• _Goal of the exercise_:
Both the line with "1089 Stormy Way, Anderson Twp, OH 45230" and the line with "Nascita 3.2cm Heatless" in the records below must appear in the output, along with every line between them, exactly and with nothing added.

====== Provided material ======

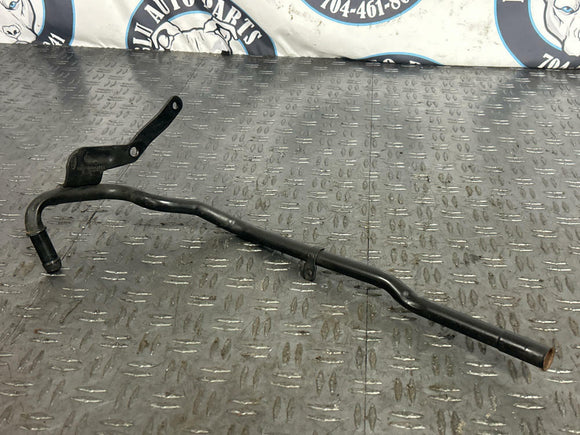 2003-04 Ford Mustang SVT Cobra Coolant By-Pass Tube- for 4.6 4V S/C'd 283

======
====== Provided material ======

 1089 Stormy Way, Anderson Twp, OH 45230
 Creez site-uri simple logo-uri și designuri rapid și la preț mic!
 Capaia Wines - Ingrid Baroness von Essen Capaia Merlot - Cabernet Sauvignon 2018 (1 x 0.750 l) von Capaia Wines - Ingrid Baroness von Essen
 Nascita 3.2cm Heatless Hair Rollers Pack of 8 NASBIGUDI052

======
====== Provided material ======

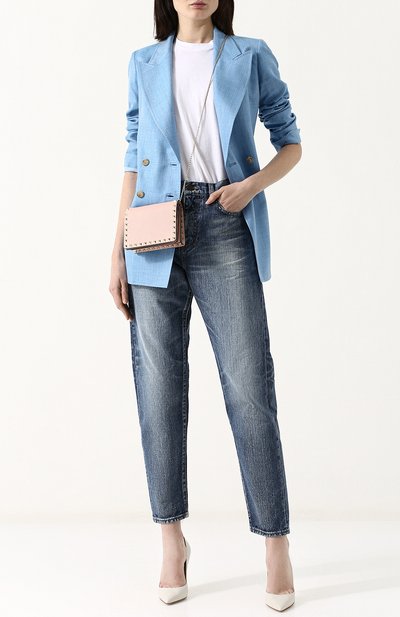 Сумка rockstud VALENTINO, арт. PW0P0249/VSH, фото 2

======

• _Solved problem_:
 1089 Stormy Way, Anderson Twp, OH 45230
 Creez site-uri simple logo-uri și designuri rapid și la preț mic!
 Capaia Wines - Ingrid Baroness von Essen Capaia Merlot - Cabernet Sauvignon 2018 (1 x 0.750 l) von Capaia Wines - Ingrid Baroness von Essen
 Nascita 3.2cm Heatless Hair Rollers Pack of 8 NASBIGUDI052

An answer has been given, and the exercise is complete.